In April 1829, Samachar Chandrika began coming out twice a week instead of once.

==His works==
Bhabani Charan's wit was reflected in his satirical works. In the dull days of scriptural arguments, he brought in a fresh air of charm and humour in Bengali literature. He was a noted publisher too. He wrote many books in lucid Bengali. Gourishankar Tarkobagish, a famous journalist of that era, commented highly about his writing skill in Sambad Bhaskar. In 1821–22, in Samachar Darpan, several works came out like Babur Upakhyan, Briddhyer Bibaho, Brahmin Pundit and others, that bear the mark of his unique satirical ability.

The books that were written or edited by Bhabani Charan are briefly described below:-
- Kalikata Kamalalay (1823): This book talks about the “behaviour, customs (treatment), and cleverness of speech” adopted by the people of the city of Calcutta when confronted by a villager, in a "question-answer" manner.
- Hitopodesh (1823): It incorporates salutary advice & teachings with original religious verses in Sanskrit as well as its Bengali translation. It was published in the Samachar Chandrika Press.
- Nabababubilas or the Amusements of the Modern Baboo (1825): It was the first book published by Bhabani Charan. This book provides a satirical view of the education of the rich and their habits, and especially of those families which had become more prominent in the society by acquiring sudden wealth. The purpose of writing the book was to reform this particular class of people. This book had become very popular and was also published later in the form of a drama. Bhabani Charan had used a pseudonym of Prathamnath Sharman in this work. It was believed that this social novel preceded Parichand Mitra's Alaaler Ghore Dulaal. According to Brajendralal Mitra, there are also certain similarities between the two. In 1855, Reverend James Long wrote that this work was "one of the ablest satires on the Calcutta Babu, as he was 30 years ago.”

In Friend of India, Nabababubilas was praised –" the character of the work, as well as its allusions and similes, are purely native, and this imparts a value to it, superior to that which could be attached to a similar representation from a European pen... though the work is highly satirical, some of its strokes of ridicule" are also visible. "...we cannot venture to pronounce it a caricature...it illustrates the habit and economy of rich native families, and affords us a glance behind the scenes."
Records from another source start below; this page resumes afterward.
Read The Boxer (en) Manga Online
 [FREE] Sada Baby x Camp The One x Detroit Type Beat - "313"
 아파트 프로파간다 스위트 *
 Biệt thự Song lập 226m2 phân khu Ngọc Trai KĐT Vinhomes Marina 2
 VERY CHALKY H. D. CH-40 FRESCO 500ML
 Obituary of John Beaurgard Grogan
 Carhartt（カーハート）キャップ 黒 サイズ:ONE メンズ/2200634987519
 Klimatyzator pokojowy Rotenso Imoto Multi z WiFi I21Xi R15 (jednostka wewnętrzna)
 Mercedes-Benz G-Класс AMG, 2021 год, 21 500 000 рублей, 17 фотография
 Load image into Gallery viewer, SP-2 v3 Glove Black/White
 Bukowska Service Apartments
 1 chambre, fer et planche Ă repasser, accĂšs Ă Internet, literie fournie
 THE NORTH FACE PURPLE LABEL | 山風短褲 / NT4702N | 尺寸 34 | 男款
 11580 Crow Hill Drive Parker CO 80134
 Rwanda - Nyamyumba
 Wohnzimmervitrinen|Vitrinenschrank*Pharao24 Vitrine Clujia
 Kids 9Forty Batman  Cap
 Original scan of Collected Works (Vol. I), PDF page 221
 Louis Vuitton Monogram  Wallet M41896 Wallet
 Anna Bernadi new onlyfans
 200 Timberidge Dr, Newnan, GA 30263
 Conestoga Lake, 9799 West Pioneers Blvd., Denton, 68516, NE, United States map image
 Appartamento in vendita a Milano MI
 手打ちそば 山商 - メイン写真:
- Dyutibilash (1825): This is a versified description of parties arranged by high society women concerning eroticism (passion) as well as devotion.
- Nababibibilash (1831): This book was written as a companion piece to "Nabababubilas", describing similar acts & habits of the wives of the rich men.
- Sri Sri Gayatirtha Bistar: Its first edition was published in 1831, and the second edition was published in 1843. It is composed in verse form and is a mythological work.
- Ashcharya Upakhyan (1835): It narrates the glorious deeds of one Kalishankar Roy, a zamindar. It is written in verse form.
- Purushottam Chandrika (1844): It contains special description and tales of various places in and around Puri, Bhubaneswar, etc.

===Edited texts===
The ancient Sanskrit texts, edited and published by Bhabani Charan, are briefly described below:-
- Hasyarnava: The special edition of the original book, written by Jagadiswar, was perhaps released in the decade between 1830 and 1840 by Bhabani Charan. It was on the directions of Bijoy Govind Singh, who was the author of a history book called Rajabali.
- Srimadbhagavata: This was published in two parts in the form of ancient manuscript in 1830.
- Prabodhchandrodaya Natakam: The edition of the original book was written by Srikrishna Mishra, and was released in the form of ancient manuscript in 1833.
- Manusamhita: This was published in the form of ancient manuscript in 1833.
- Unavimsha Samhita: This was published in the form of ancient manuscript, most probably in 1833. The collections were Angira, Aapastamba, Atri, Shankha, Shatatap, Dakshya, Goutam, Harit, Katyaon, Likhit, Parashar, Sambarta, Ushana, Vishnu, Brihaspati, Vyas, Yagnabalkya, Yama and Vashistsamhita.
- Sribhagvatgita: This was published in the form of ancient manuscript in 1835.
- Raghunatha Bhattacharyakrita Ashtavimshati Tatva Navya Smriti: This was published in the form of ancient manuscript, most probably in 1848.